What You See Is Not What You Get: Experiments in fooling neural nets
17 Aug 2017 | What do you see?Image Recognition has penetrated our everyday lives, from small conveniences such as searching by images and tagging photos to self driving cars. But even with all these advances, the neural nets used for these tasks still remain “naive” and can be easily fooled
What do you see when you see the images below?
A Panda? Congratulations! You are smart!
But neural networks are not as smart as you. It turns out that even with all that terabytes of training, we can easily fool them into thinking what we want them to think. Inception V3, one of the most sophisticated image classifiers (42 layers deep), classified the first image as a space shuttle and the second one as a soccer ball
First, let’s take a quick look at how neural networks work to understand how we can trick them
Table of Contents
Neural networks
Brief overview
A neural network, as the name suggests, is a network of neurons (nodes). Every node has a weight attached to it.
The working of a neural net can be summarized as follows:
- Weights of every node are randomly initialized
- Every node takes a weighted sum of its inputs and passes it (as output) to the next layer after applying an activation function
- The output of the last layer forms our final output
- This output is compared with our expected value in terms of a loss function
- We then tweak the weights of each node in a way that would make our generated output as similar as possible to our actual output
- We continue this process until our error is sufficiently small
In image classification
For image classification, Neural networks in very simple terms are functions — functions that take in an image and output a list of probabilities for each of the classes available. But since there would be 1000 values given 1000 classes, neural networks combine these values into one value: the loss function as stated above.
The loss function for each image depends on the actual correct output for the image. So in our case of a panda, the actual probabilities should be y [where y is a list containing probability of each class] with \(y_{panda} = 1\) and 0 for all the remaining classes. Initially, with random weights, suppose the neural network has output probabilities p, then the loss function can be defined as:
\[L = - \sum_i{y_i \log{p_i}}\]As every other term in y is 0 except \(y_{panda}\), the value returned by the loss function is \(−\log{p_{panda}}\)

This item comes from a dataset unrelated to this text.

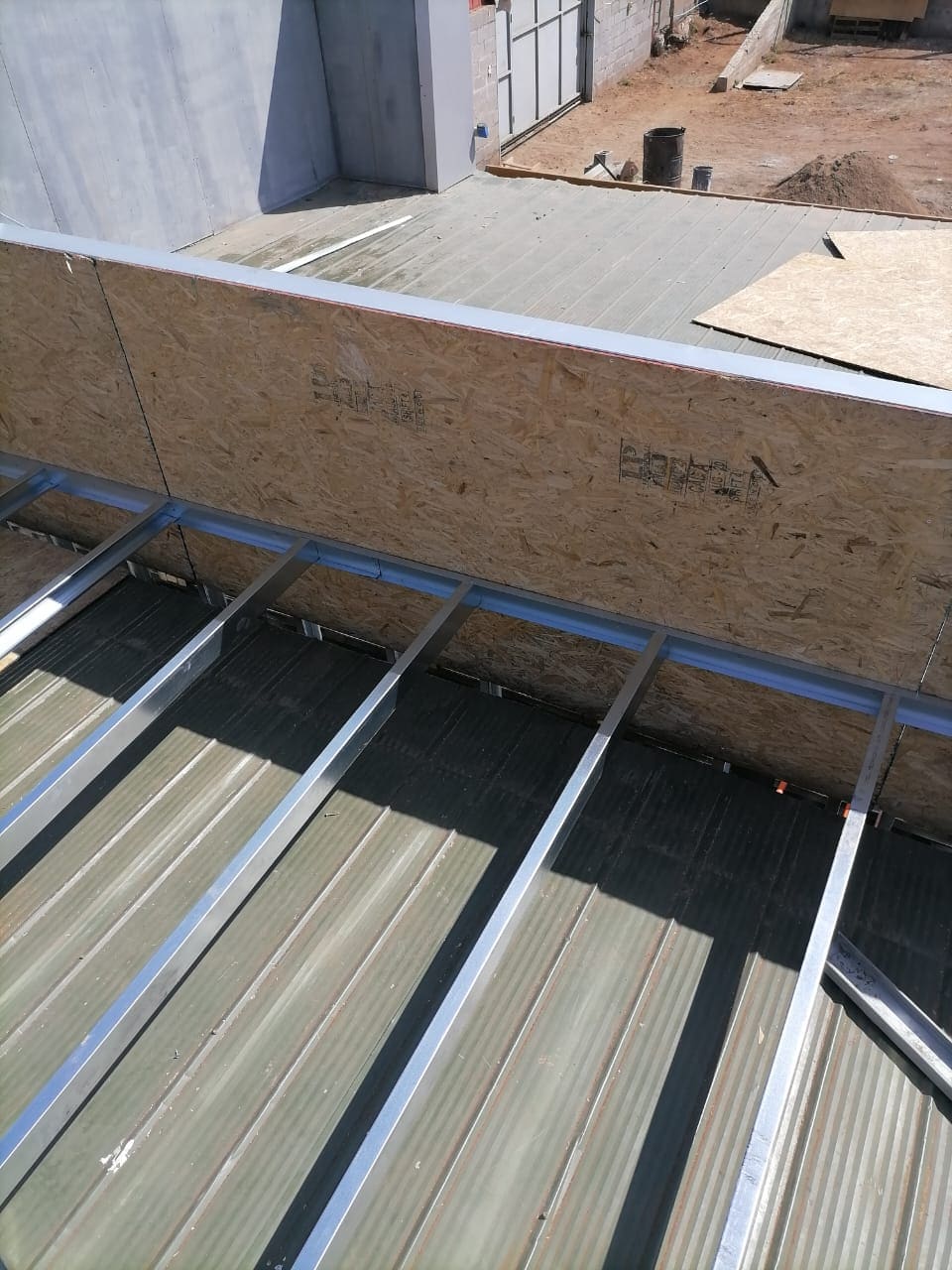 Plancha OSB instalada sobre estructura de costaneras en techumbre industrial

This error is propagated to every node and its weight is changed in a way that minimizes this error. This algorithm is called as the backpropagation algortihm Eventually, after repeating the process with several images, the net begins to learn the weights for accurately classifying images.
Fooling the net
Now what happens if we:
- Fed our original (panda) image as input
- Took a completely different image (say, a soccer ball) as our target
The neural net would learn weights to recognize a panda as a soccer ball. But as the net was already probably trained on thousands of panda images, the probability of it recognizing a panda as a ball increases only slightly
But what if, we calculated the loss, and instead of modifying the weights we modify our original image in a way that minimizes this loss? This is the intuition behind fooling a neural net. As it turns out, doing the above is fairly simple and can be done in a few lines of code:
# how likely is the image of the target class (soccer ball)

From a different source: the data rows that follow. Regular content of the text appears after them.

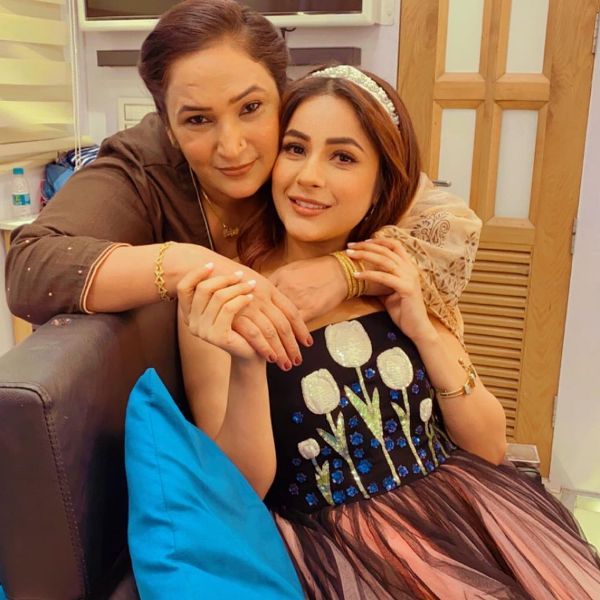 Shehnaz Kaur Gill with her mother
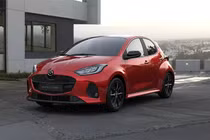 Mazda2 Hybrid 2026 ra mắt - xe "giá mềm" có tính năng ADAS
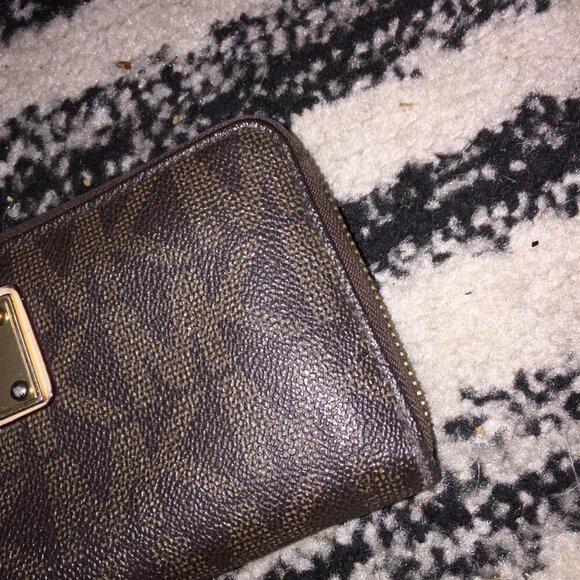 MICHAEL Kors Monogram Wallet Brown - Picture 3 of 5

# get ids from https://gist.github.com/yrevar/942d3a0ac09ec9e5eb3a
probability_fn = output_layer[0, 805]
# The gradient for the same
gradient_fn = keras.gradients(probability_fn, input_layer)[0]

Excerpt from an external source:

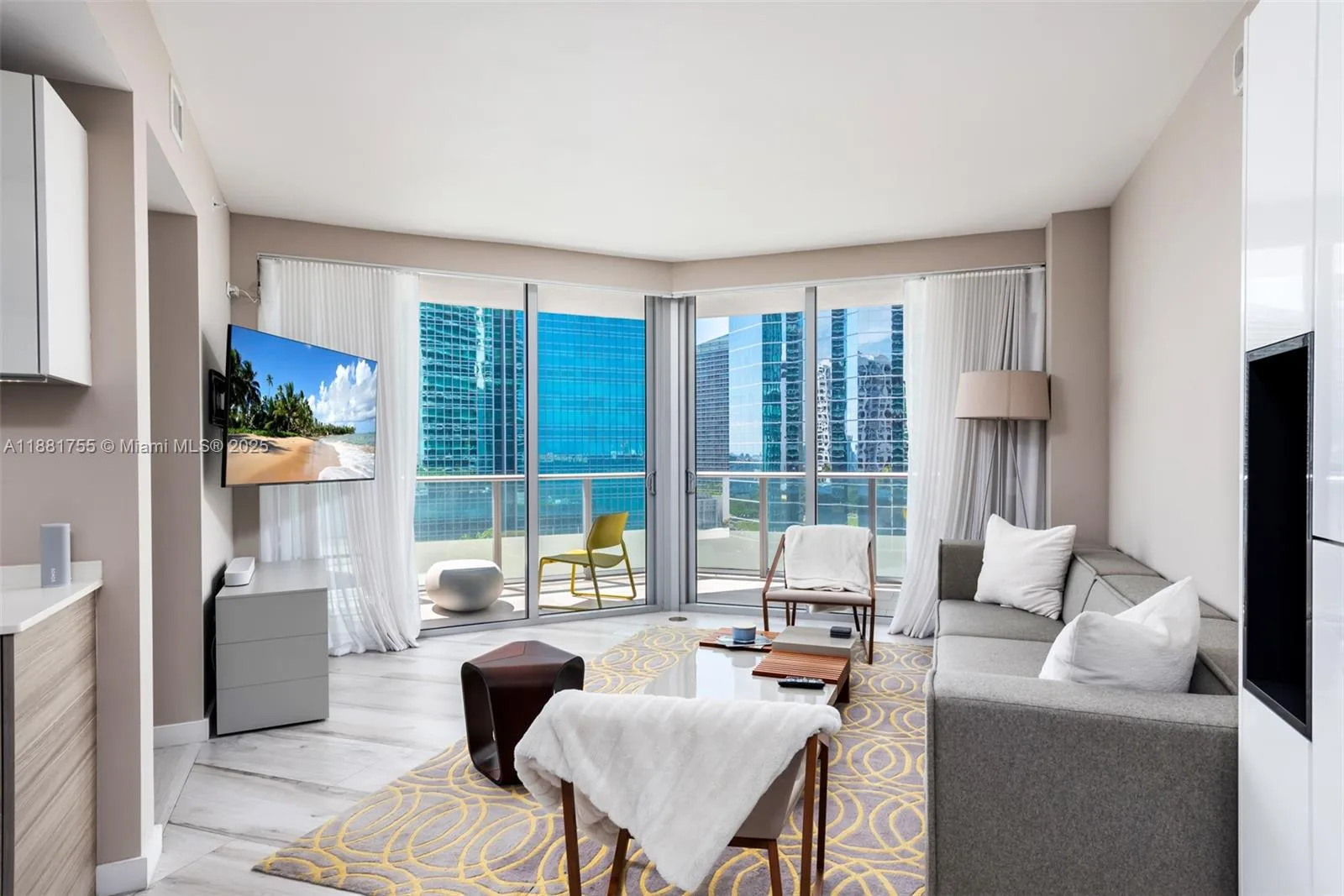 1300 Brickell Bay Dr # 1702, Miami, FL 33131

get_probability_and_gradient = keras.function([input_layer, keras.learning_phase()], [probability_fn, gradient_fn])
probability = 0.0
# until at least 90% confidence:
while probability < 0.90:
# probablity and gradients
probability, gradients = get_probability_and_gradient([image, 0]) # 0 for learning mode
# Move the image towards fooling the model
image += gradients * 0.3 # learning_rate
Eventually the image (panda) would be modified into an image which the selected neural net would believe to be a soccer ball. By placing appropriate constraints while modifying the image, the changes can be made completely invisible to humans.
Results
Implications
- As we are manipulating pixels of the image, it is possible to fool systems even when the image is printed out on a paper. Thus fooling cameras and other sensors is easily possible.
- If two or more neural nets were trained using the same data, all of these would be fooled by the generated image.
Security implications
- Bypassing security systems using face detection (door lock, phone lock systems).
- Tricking cheque scanner machines.
- Can be used in black hat seo techniques.
- Tricking self-driving cars into seeing red light as green light.
Tips to overcome fooling attempts
- Generate adversarial images and add them to your training data, to make your system more resistant.
- Use input transformations. These techniques are an effective defence against both Gray-Box and Black-Box attacks. [C. Guo, 2017]
- Use distillation as a defence mechanism. [N. Papernot, 2017]